The statistics are impressive. In the US, the performance of the publicly traded Greatest Company winners from 10 years ago to date has outperformed both the S & P 500 and the Russell 3000 by a huge margin.
Taking 1998 as the start year, up to 2005, the performance of the S&P was a 4.81% rise, the Russell rose 5.22%, but the Great Companies rose 10.12% if bought and held. If reset annually, an investment in the Great listed companies, from the top 100 in the US, would have yielded and increase of 14.75%, three times the S & P rate.
Investing in organisations that score well on the Great Place scale isn't akin to going soft on business and engaging in a crochet and knitting type approach to business.

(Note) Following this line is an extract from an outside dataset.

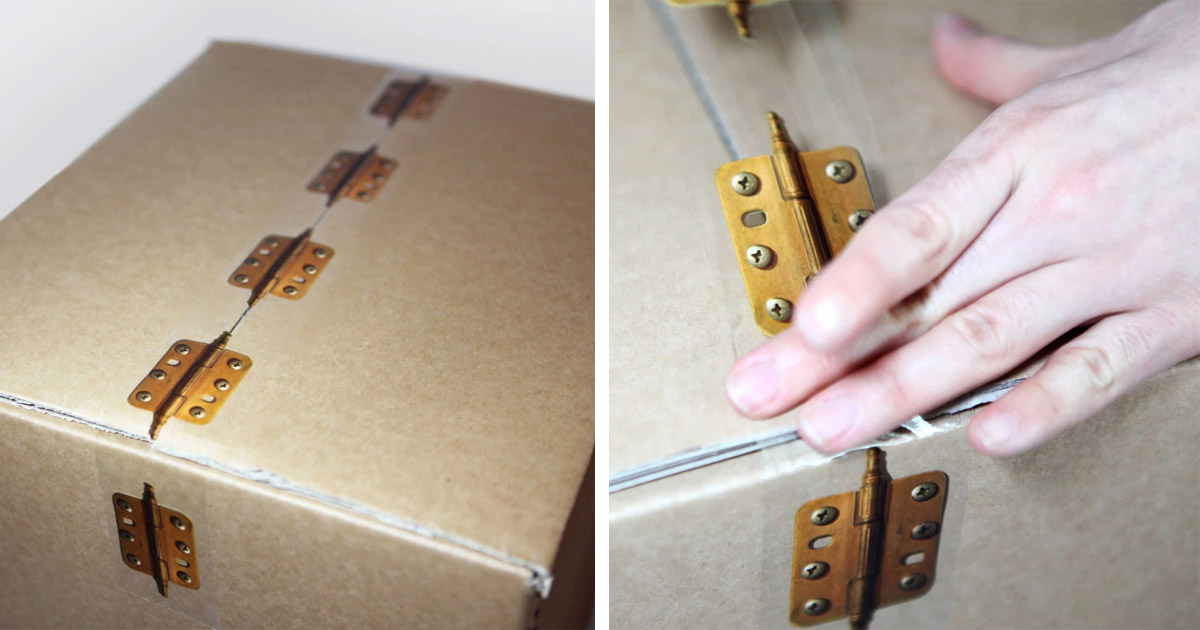 A Hinge Packing Tape That Looks Like The Package Opens Like a Hinge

Technological and societal advances mean that the bandied about adage about the people in the workplace being its best asset is fundamentally true, even though most people who espouse that view don't really mean it.
"Places that are great to work in are also great in terms of profits, performance and output, because the more satisfied people are more committed, trust more, give more, and are rewarded more and so the circle goes on. Then the better people are attracted to those companies, and there's prestige associated with them. As we become a more sophisticated working body, we aim at more than monetary reward, we want the psychological and social and status benefits these companies bring us, " says Lee.
Is this all just a case of old wine, new bottle, though?
The Great Place to Work Institute, which spans 30 countries and has been in existence for nearly 20 years, has a slightly different approach for different cultures.
"The questionnaire reflects the same values everywhere, although the questions are worded slightly differently for the US market. In Ireland, we ask more direct questions about, for instance, diversity and discrimination.
In the US, even posing a question about certain aspects of discrimination is considered politically incorrect, but other than that, what we find reflects a great place to work in, say Argentine is similar to what is a great place to work in France or in the US or in Ireland.
Great places to work, he says, have an underlying trust that is often overlooked by the plethora of HR practices and shiny booklets and procedural niceties we like to develop to reflect a corporate propriety often redundant apart from making the Corporates full of self belief.
"What trust is built on is credibility - can we believe in the system we work within - does the employer make us believe him or her and does he/she do what he says he'll do?
"Is there a sense of respect for each other from every angle, and finally, do employees believe there is a basic fairness in the system? If we find these three, we can say there is a high level of trust in that company.
"All our data comes from the people who work there, at whatever level they are at, and if they have trust, and added to that a pride in the output and camaraderie with each other, they will be hitting the high points in the Great Place scale."
The Great Place philosophy fits nicely into the underlying one in Stephen Covey's best selling business book, The Speed of Trust, which pinpoints trust as the hidden variable within the slippery formula for organisational success.
Without trust, all the policies remain dead and all the rewards are just bandages, it appears, so for the return to work period looming, the first step in the development of a high trust organisation requires asking ourselves the following and answering honestly:
1)Do people trust me?
2)If so, why?
3)If not, why not?
4)How can I alter my behaviour so that more people at work (and at home) will trust me this year; it can't be faked.
5)Trust isn't about personality; it's about character, effort, consistency and competence and it can be learnt.